(Instructions for the task) Every record below is to be retyped exactly, with any pictures left out.

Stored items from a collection
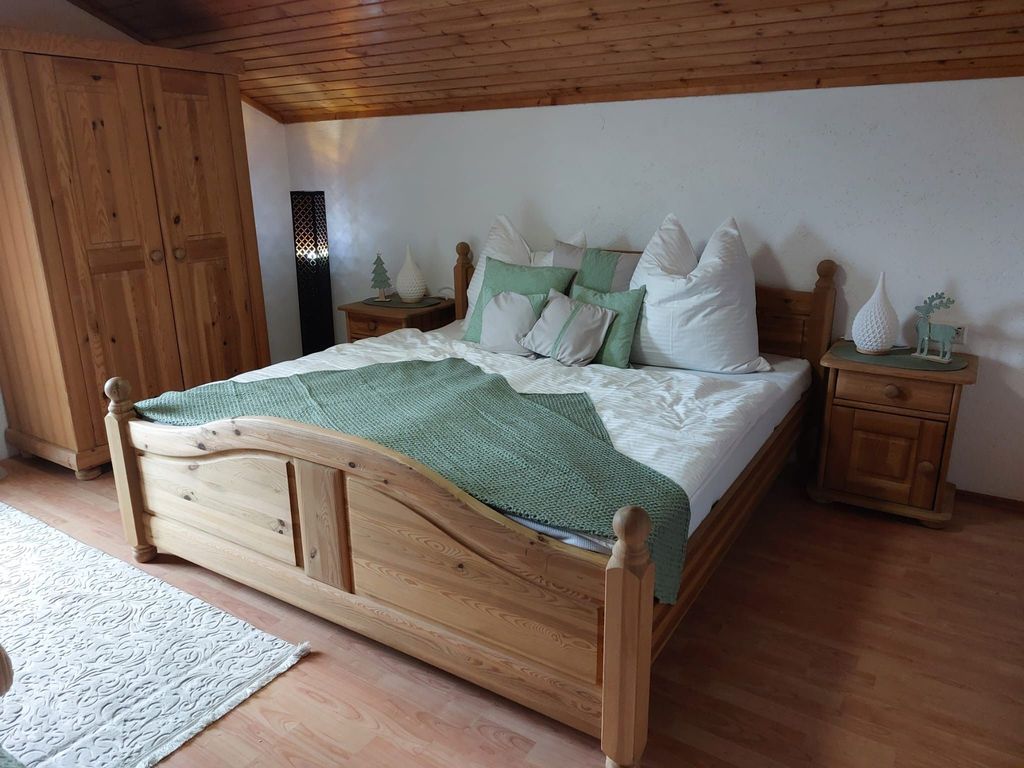 Gemütliches Doppelbett
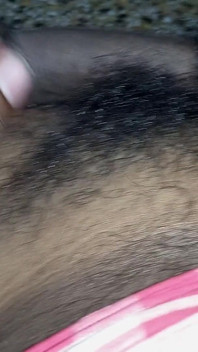 Gadis india dengan memek aduhai lagi asik nyepong kontol sampai mengerang keenakan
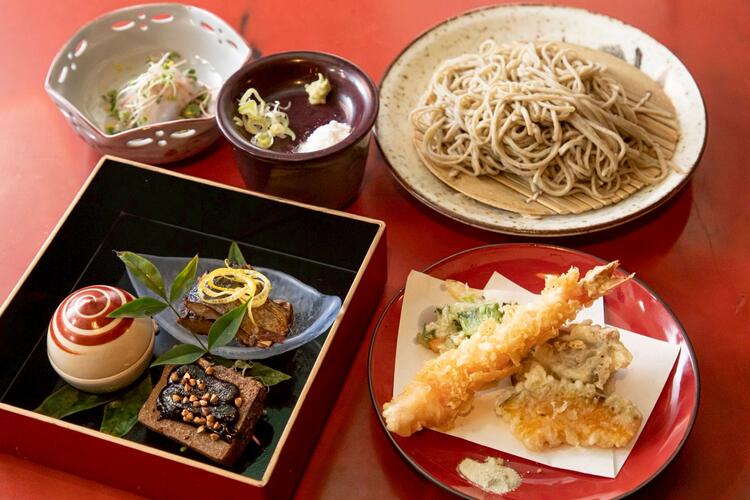 地域で親しまれている手打ち蕎麦屋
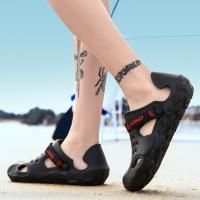 Sandalias con agujeros para hombre, estilo nuevo 2025, sandalias personalizadas de moda, zapatos de playa cubiertos para exteriores de verano para hombre, zapatillas de verano para hombre - details 3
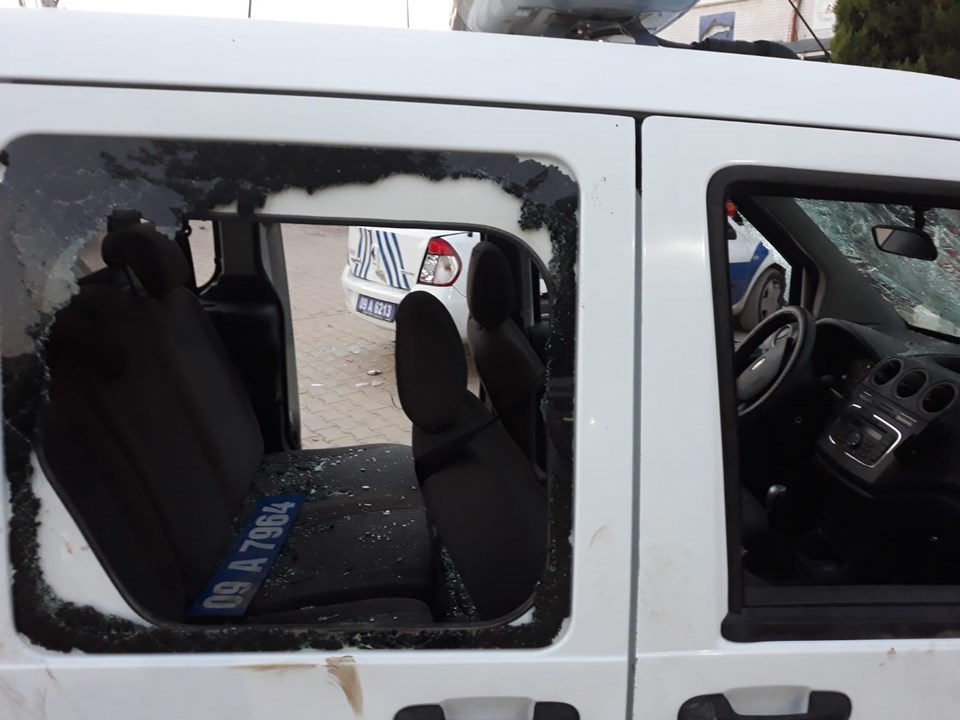 Aydın'da polis karakoluna ve araçlarına taşlı saldırı - 1
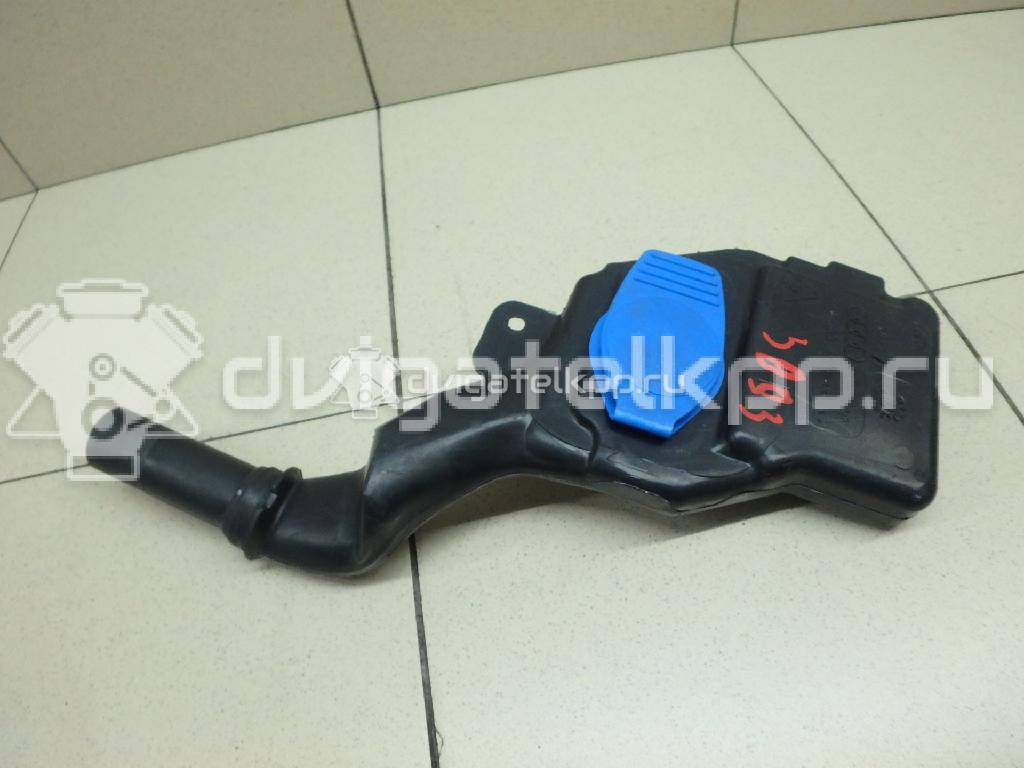 Фото Горловина бачка омывателя  8T1955463B для audi A4 [B8] {forloop.counter}}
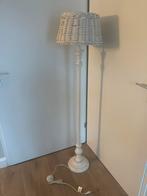Houten vloerlamp met rieten kap, Huis en Inrichting, Lampen | Vloerlampen, Ophalen, Gebruikt, Hout, 150 tot 200 cm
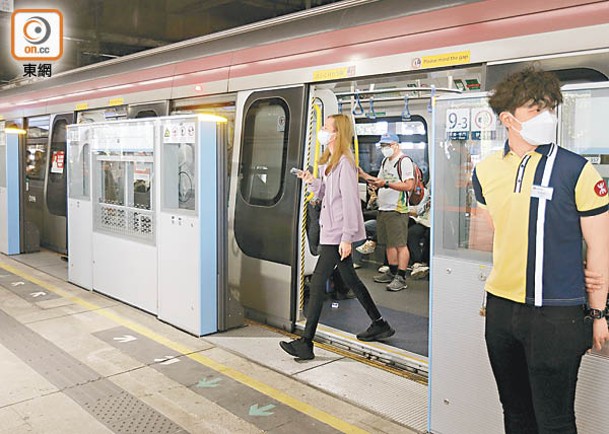 港鐵東鐵綫已陸續在月台安裝自動閘門。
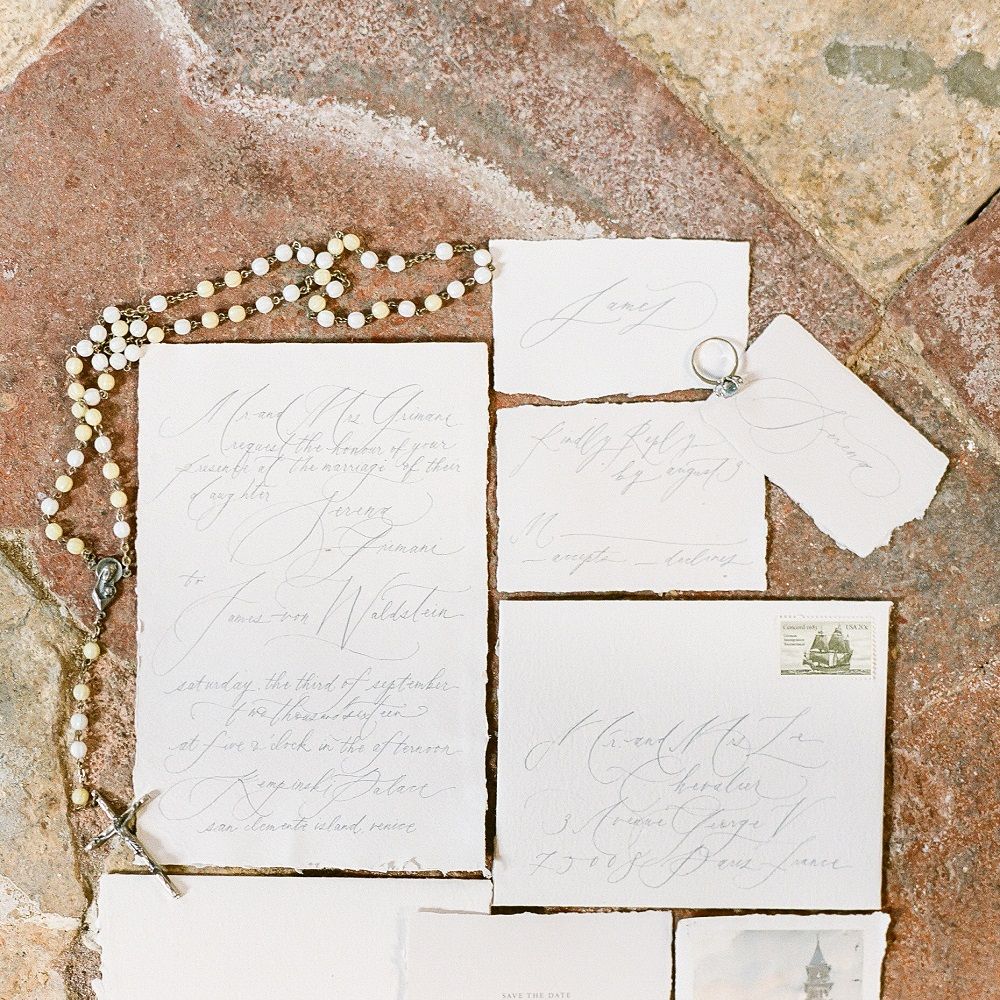 Creative Direction by <a href="https://www.averybelovedwedding.com/" target="_blank">A Very Beloved Wedding</a> | Images by <a href="https://www.sandraaberg.com/weddings/" target="_blank">Sandra Åberg Photography</a>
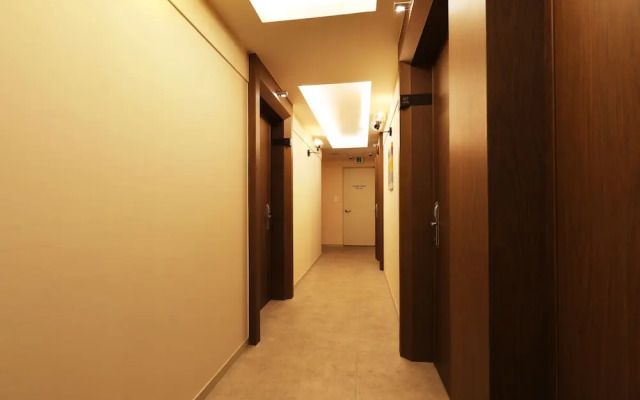 Yongin Singal M7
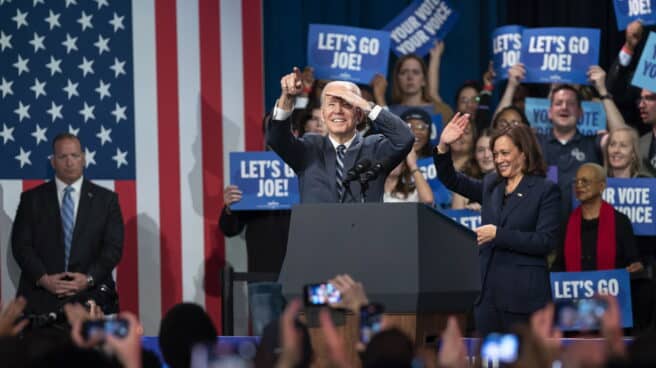 Joe Biden y Kamala Harris en un acto poselectoral en Washington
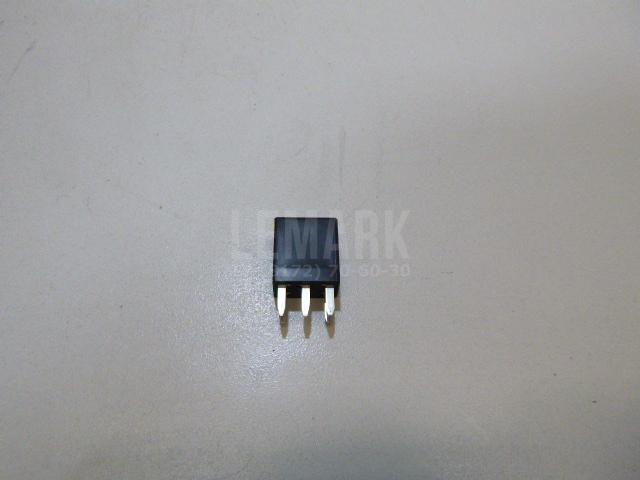 Реле 13500128 GM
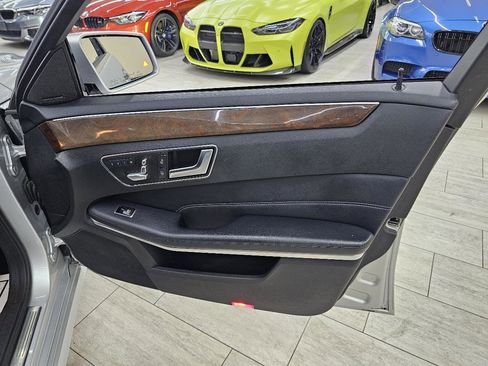 Used 2014 Mercedes-Benz E 350 Sedan image 41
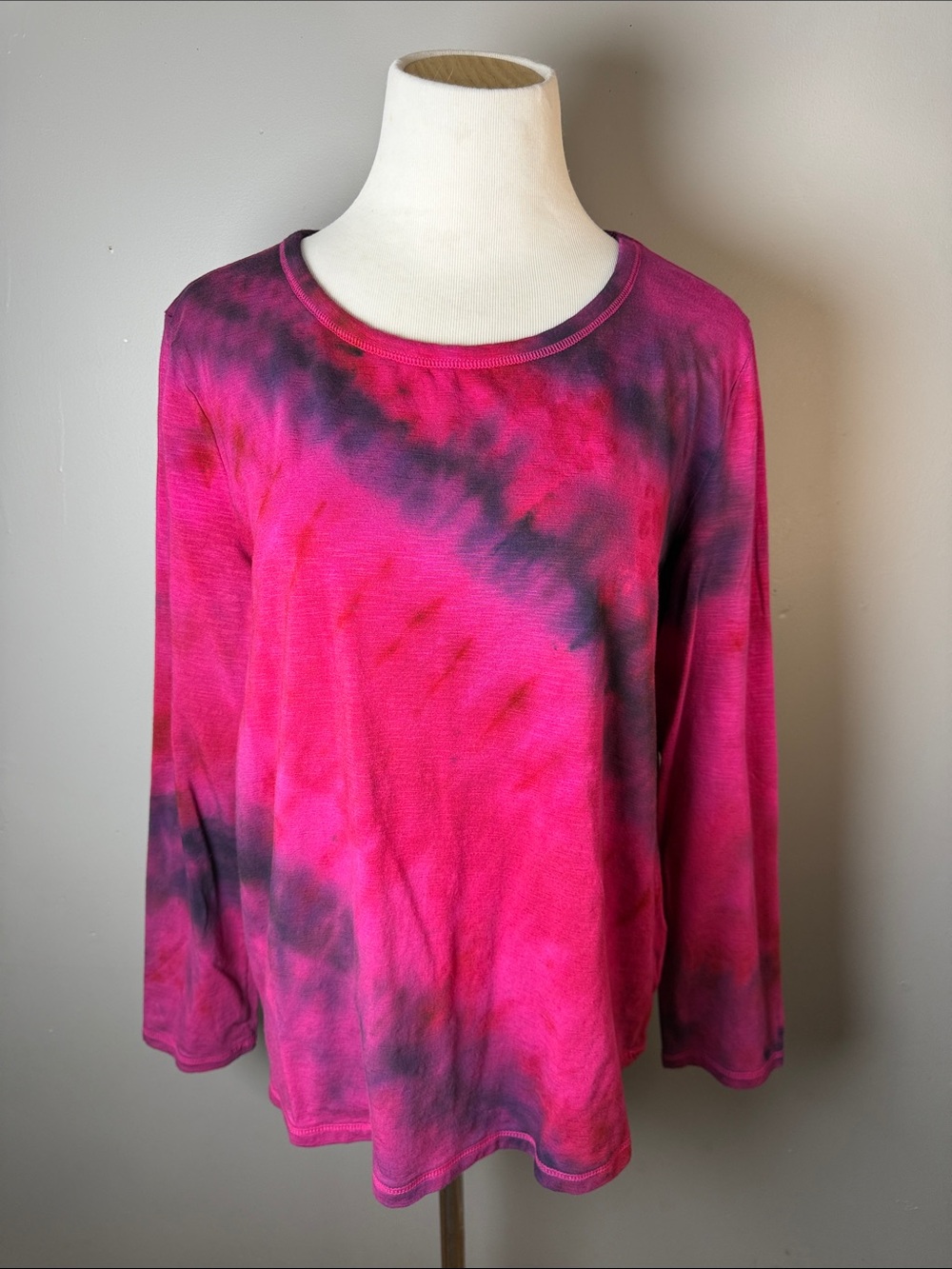 Tie-Dye Long Sleeve Crewneck Top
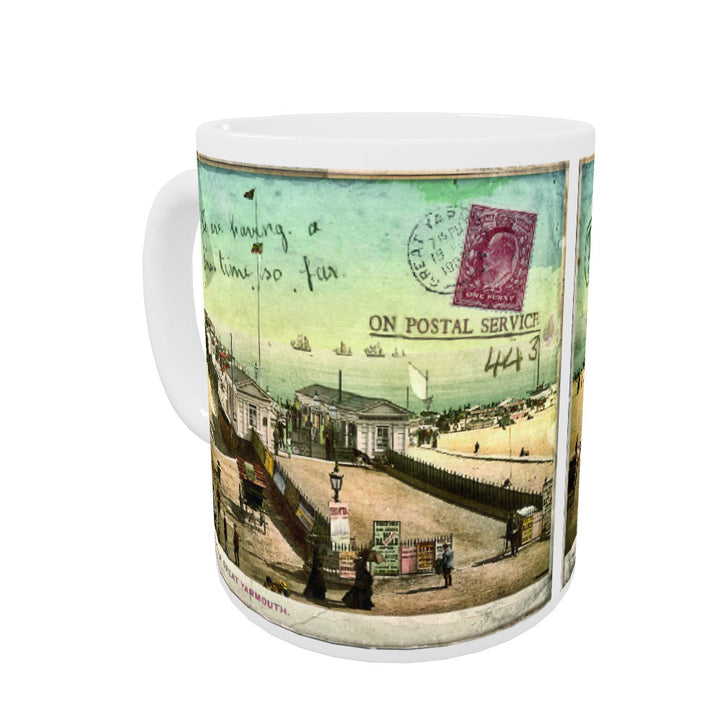 Britannia Pier, Great Yarmouth Mug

(Output for this exercise)
 Gemütliches Doppelbett
 Gadis india dengan memek aduhai lagi asik nyepong kontol sampai mengerang keenakan
 地域で親しまれている手打ち蕎麦屋
 Sandalias con agujeros para hombre, estilo nuevo 2025, sandalias personalizadas de moda, zapatos de playa cubiertos para exteriores de verano para hombre, zapatillas de verano para hombre - details 3
 Aydın'da polis karakoluna ve araçlarına taşlı saldırı - 1
 Фото Горловина бачка омывателя  8T1955463B для audi A4 [B8] {forloop.counter}}
Houten vloerlamp met rieten kap, Huis en Inrichting, Lampen | Vloerlampen, Ophalen, Gebruikt, Hout, 150 tot 200 cm
 港鐵東鐵綫已陸續在月台安裝自動閘門。
 Creative Direction by <a href="https://www.averybelovedwedding.com/" target="_blank">A Very Beloved Wedding</a> | Images by <a href="https://www.sandraaberg.com/weddings/" target="_blank">Sandra Åberg Photography</a>
 Yongin Singal M7
 Joe Biden y Kamala Harris en un acto poselectoral en Washington
 Реле 13500128 GM
 Used 2014 Mercedes-Benz E 350 Sedan image 41
 Tie-Dye Long Sleeve Crewneck Top
 Britannia Pier, Great Yarmouth Mug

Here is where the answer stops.